**Extracted information**
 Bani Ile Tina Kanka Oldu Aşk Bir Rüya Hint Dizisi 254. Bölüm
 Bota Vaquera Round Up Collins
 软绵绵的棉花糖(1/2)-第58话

---

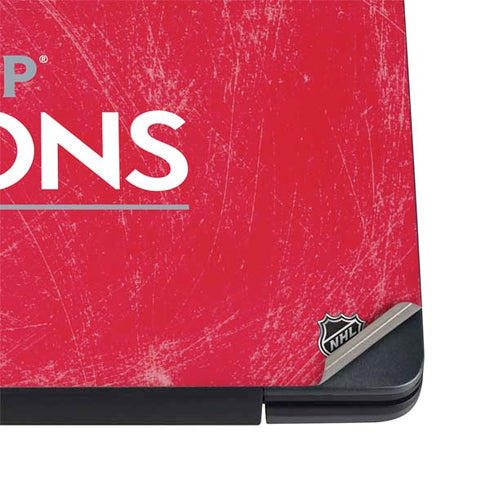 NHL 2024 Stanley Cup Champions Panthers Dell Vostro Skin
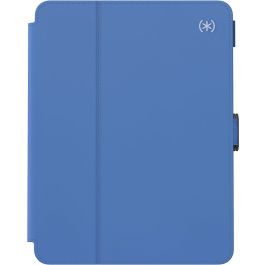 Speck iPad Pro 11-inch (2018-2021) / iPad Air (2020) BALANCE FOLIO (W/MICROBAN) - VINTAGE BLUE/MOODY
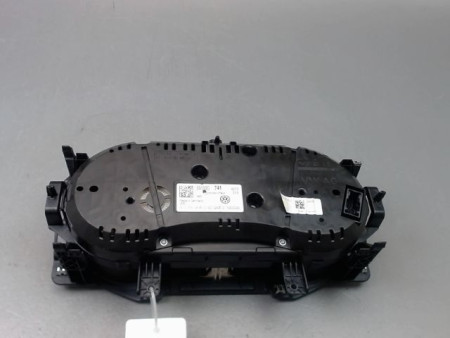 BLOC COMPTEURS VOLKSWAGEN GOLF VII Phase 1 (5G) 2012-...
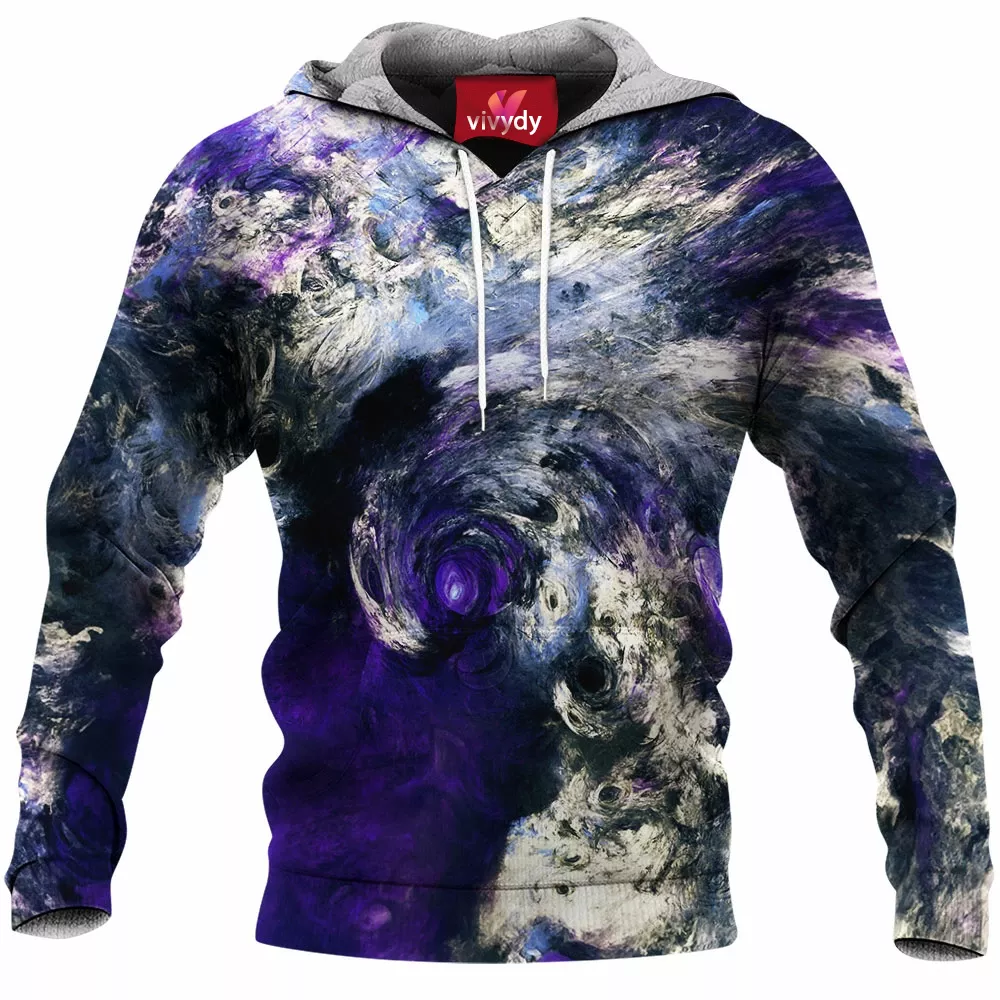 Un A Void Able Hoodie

**What you need to do**
Working from the entries above, please transcribe only the lines from the line with "NHL 2024 Stanley" through the line with "Un A Void Able Hoodie", exactly, with both end lines and without pictures.

**Answer box**
 NHL 2024 Stanley Cup Champions Panthers Dell Vostro Skin
 Speck iPad Pro 11-inch (2018-2021) / iPad Air (2020) BALANCE FOLIO (W/MICROBAN) - VINTAGE BLUE/MOODY
 BLOC COMPTEURS VOLKSWAGEN GOLF VII Phase 1 (5G) 2012-...
 Un A Void Able Hoodie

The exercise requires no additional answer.